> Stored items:
====

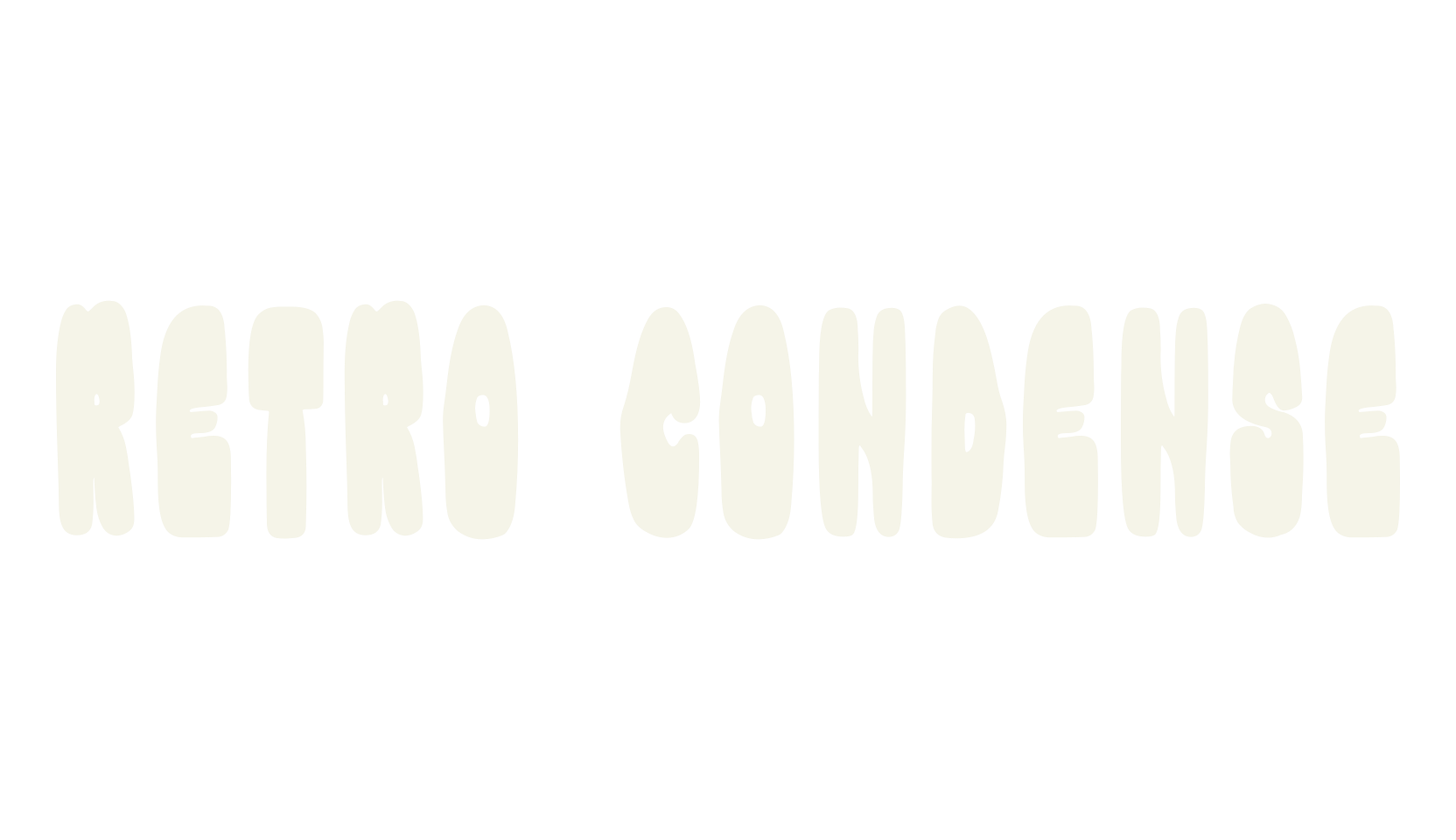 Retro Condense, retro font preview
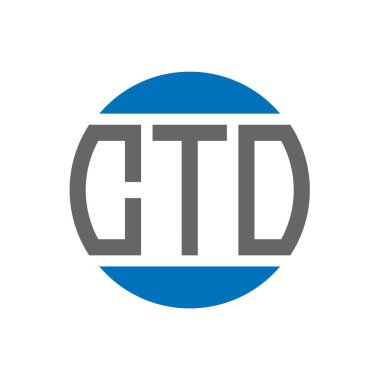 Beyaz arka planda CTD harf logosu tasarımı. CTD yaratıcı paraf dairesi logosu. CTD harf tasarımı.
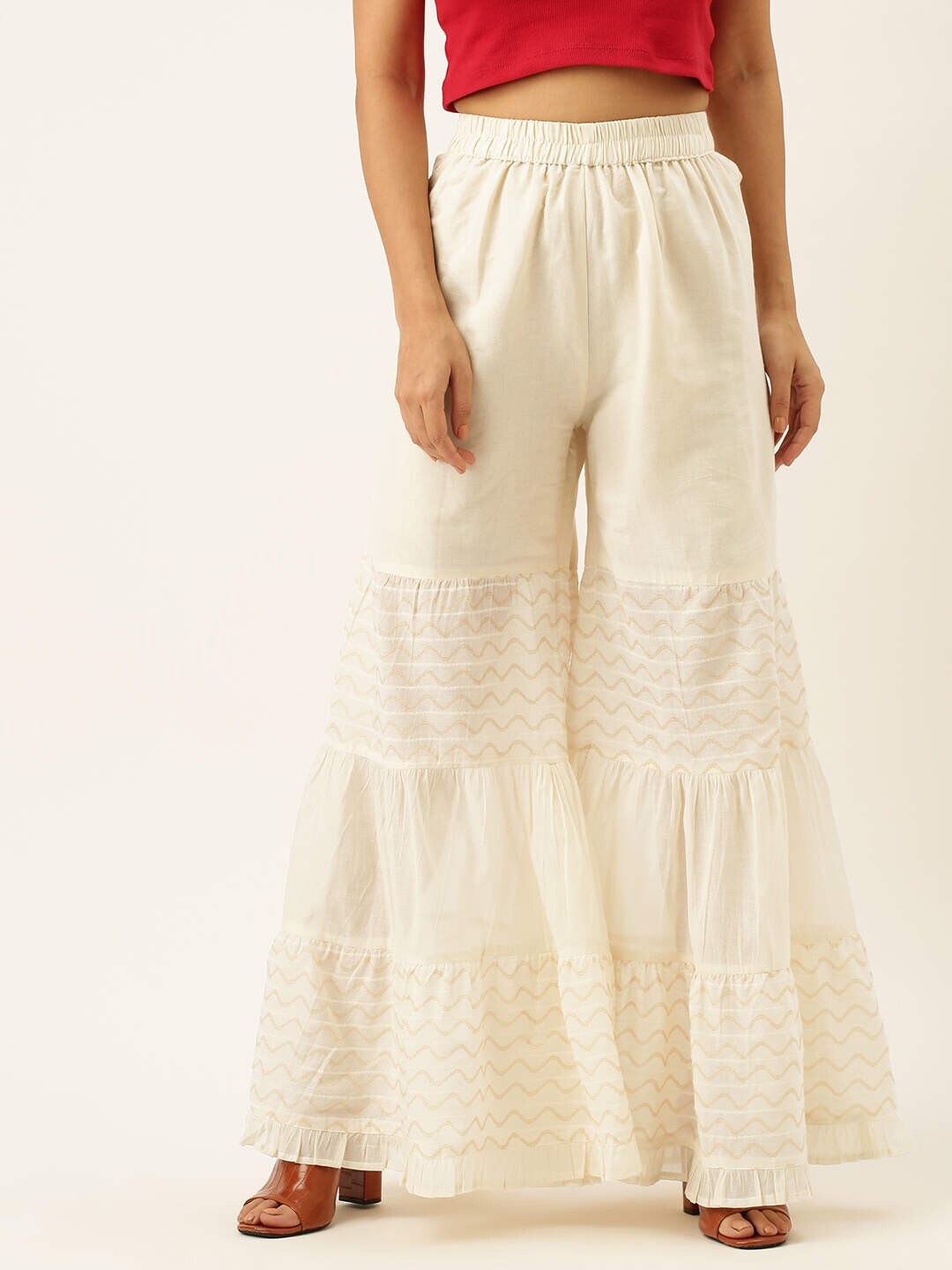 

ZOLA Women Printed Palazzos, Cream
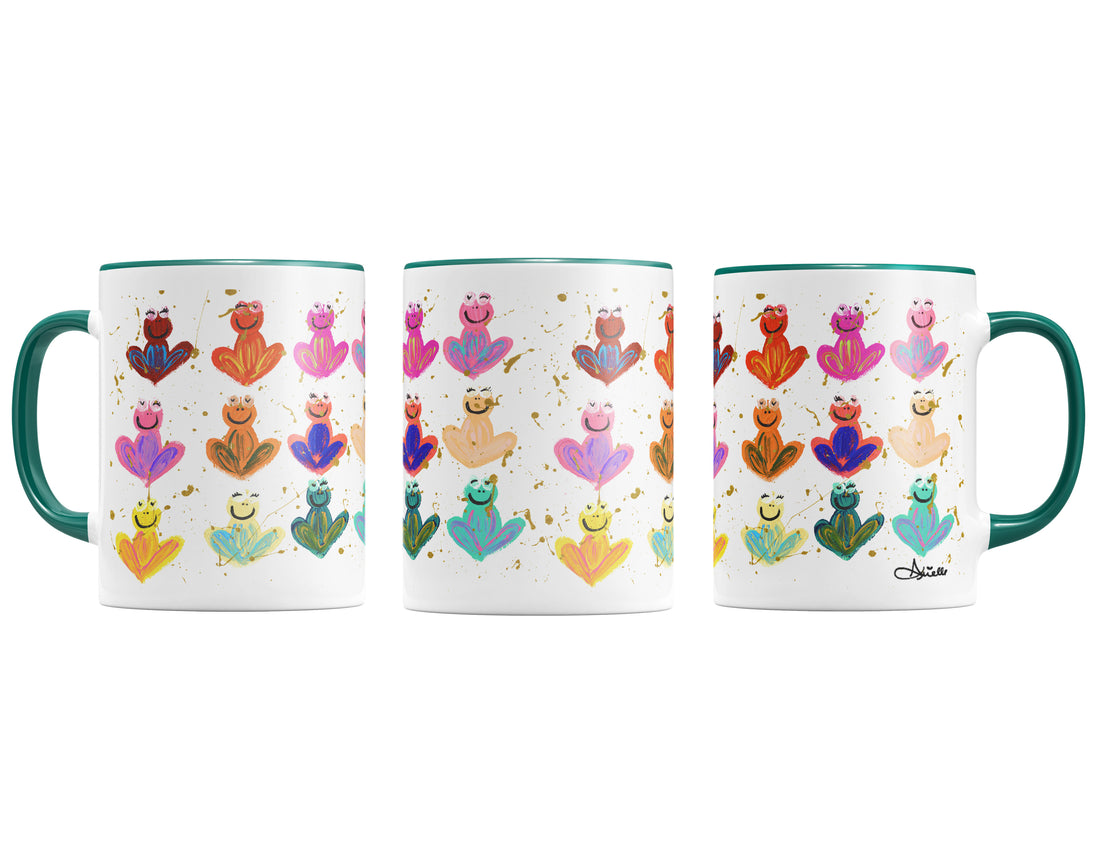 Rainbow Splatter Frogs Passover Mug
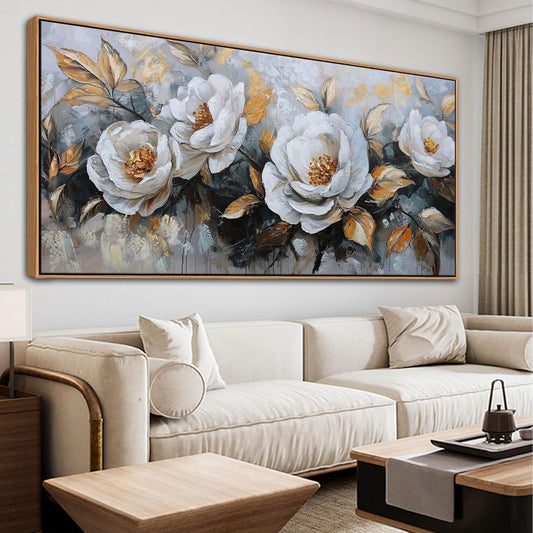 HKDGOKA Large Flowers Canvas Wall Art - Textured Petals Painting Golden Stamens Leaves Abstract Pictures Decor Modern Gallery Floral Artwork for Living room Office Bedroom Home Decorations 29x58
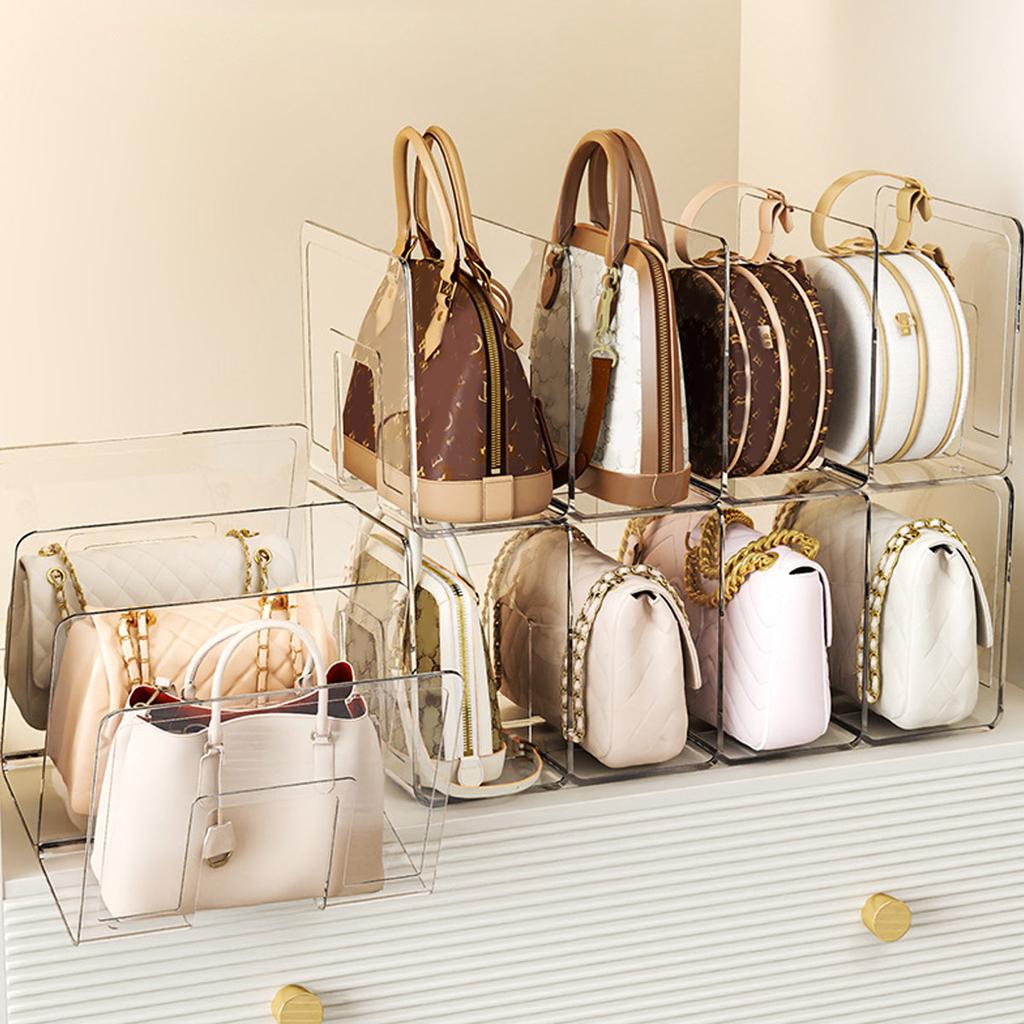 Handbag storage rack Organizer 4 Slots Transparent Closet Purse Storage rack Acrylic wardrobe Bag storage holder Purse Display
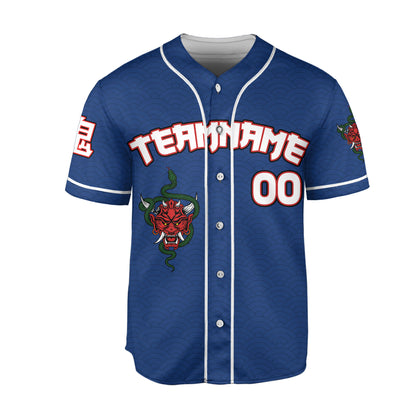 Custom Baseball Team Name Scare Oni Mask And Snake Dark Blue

====

Print the entries above exactly, taking out only the pictures.

 Retro Condense, retro font preview
 Beyaz arka planda CTD harf logosu tasarımı. CTD yaratıcı paraf dairesi logosu. CTD harf tasarımı.

ZOLA Women Printed Palazzos, Cream
 Rainbow Splatter Frogs Passover Mug
 HKDGOKA Large Flowers Canvas Wall Art - Textured Petals Painting Golden Stamens Leaves Abstract Pictures Decor Modern Gallery Floral Artwork for Living room Office Bedroom Home Decorations 29x58
 Handbag storage rack Organizer 4 Slots Transparent Closet Purse Storage rack Acrylic wardrobe Bag storage holder Purse Display
 Custom Baseball Team Name Scare Oni Mask And Snake Dark Blue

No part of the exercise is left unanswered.